Кстати, почему среди наших быстро преуспевших бизнесменов, даже олигархов, так хорошо представлено бывшее высокое комсомольское начальство?

Я сам никогда не был борцом за гражданские права. И протест был даже не просто против комсомола, а против той циничной уверенности, с которой некоторые говорили нам: "Ничего, вступите никуда не денетесь. Повыпендриваетесь до весны, и вступите, как и все остальные (читай: как и мы)". Все же согласимся, что невступление в комсомол в 10 классе в 1969 г. было хоть небольшим, но поступком.

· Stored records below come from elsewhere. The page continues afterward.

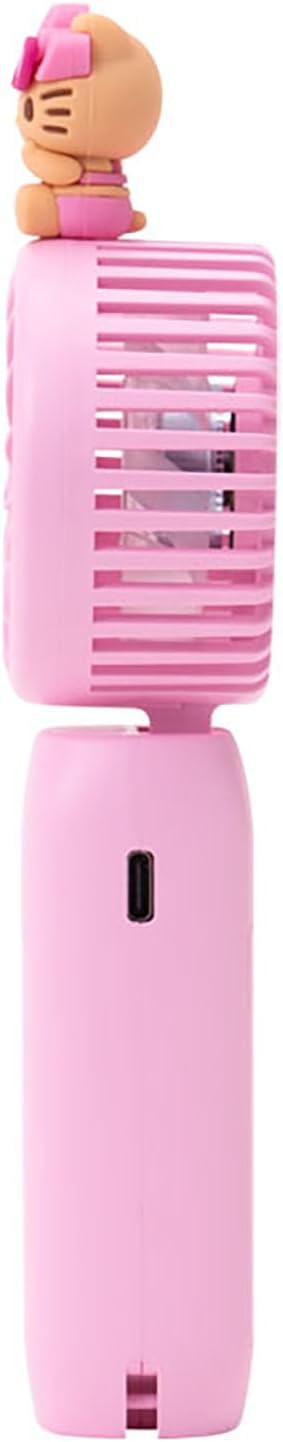 Sanrio 788317 Handy Fan Hello Kitty Pink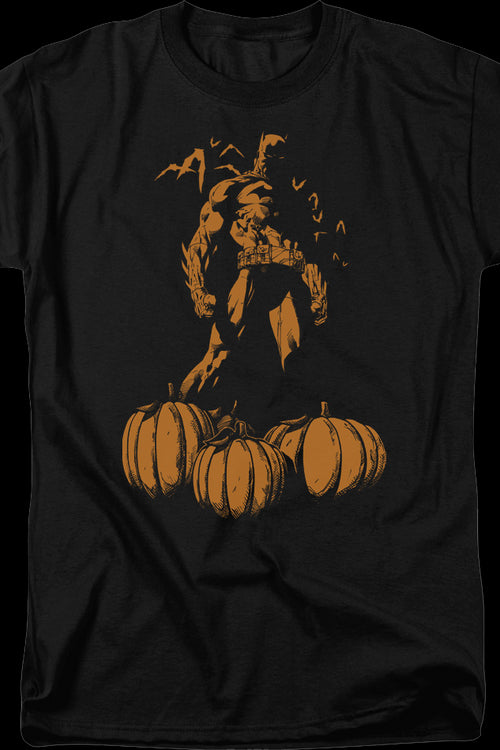 Batman Halloween Pumpkin Patch DC Comics T-Shirtmain product image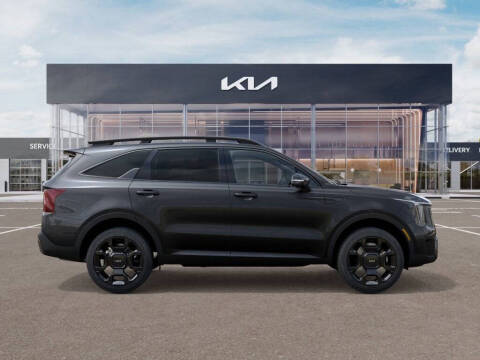 2026 Kia Sorento Hybrid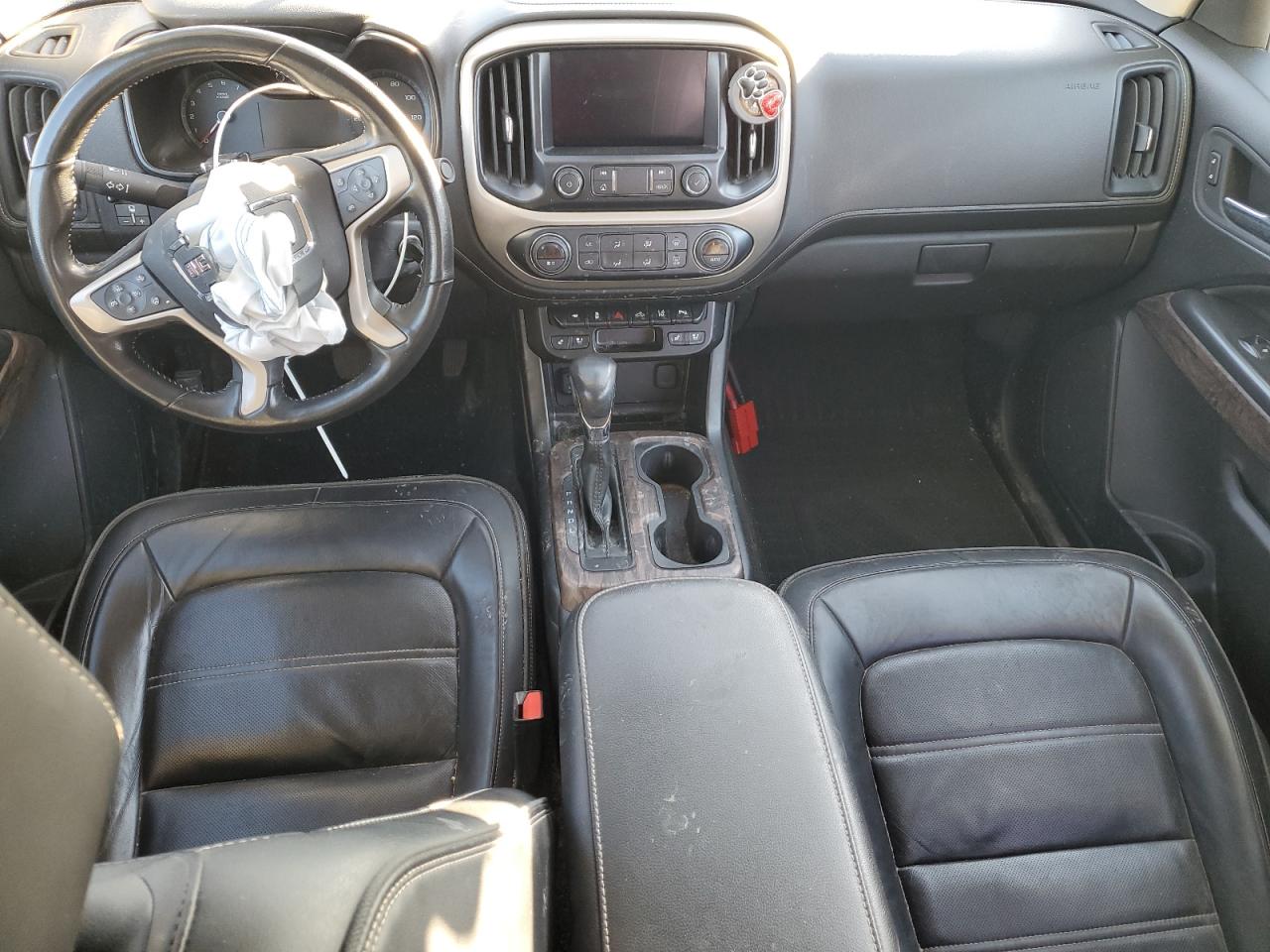 2022 GMC Canyon Denali VIN: 1GTG6EENXN1110697 Lot: 91657865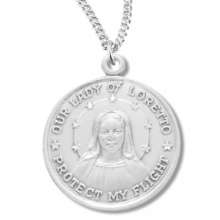 Our Lady of Loretto Necklace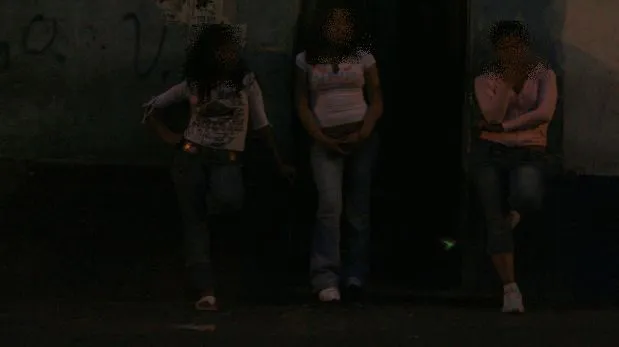 Menores de 12 y 13 años se prostituyen en el parque Kennedy ...
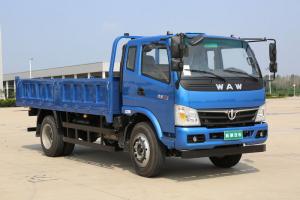 飛碟奧馳 X3系列 156馬力 4X2 5.26米 國五 自卸車(FD3121P63K5-1)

А все наши самые-самые - вступили (помните анекдот: "Вы что, вступили в КПСС? Правда (смотрит на подошву)? - а я и не заметил"). Я почему-то об этом вспомнил через 30 лет, когда столкнулся со странным явлением: оказалось, что некоторые из эмигрантов (не только второшкольников) смотрят на тех, кто остался, либо как на неудачников ("не повезло, не сумели выехать"), либо как на адептов режима, которые - надо полагать - остались неслучайно (видимо, очень нравится, или - м.б., работают на "охранку"?). Так вот, в "чате" (по другому поводу, см. ниже) поучительные нотации мне прочли те самые, смелые, которые, "задрав штаны...". Боюсь сознаться: в перебранке участвовал даже один бывший член КП (есть еще один анекдот на эту тему, помните?).

Я признаю, что тема эмиграции - очень непростая и тонкая (это мне хорошо объяснил еще наш одноклассник Леня К., с которым я встретился во время своего самого первого визита в США). Да и, слава Богу, литературу-то мы кое-какую читали. И различаем эмиграцию вынужденную и добровольную. Не пытаюсь ничего упрощать или кого-то обвинять. Но хоть вопросы-то можно поставить? И еще хочу всех заверить, что я - не такой уж и патриот, и у меня никакой неприязни к загранице нет. Даже наоборот, обожаю туда гонять и там подолгу находиться (уже осмотрел все континенты, кроме Антарктиды).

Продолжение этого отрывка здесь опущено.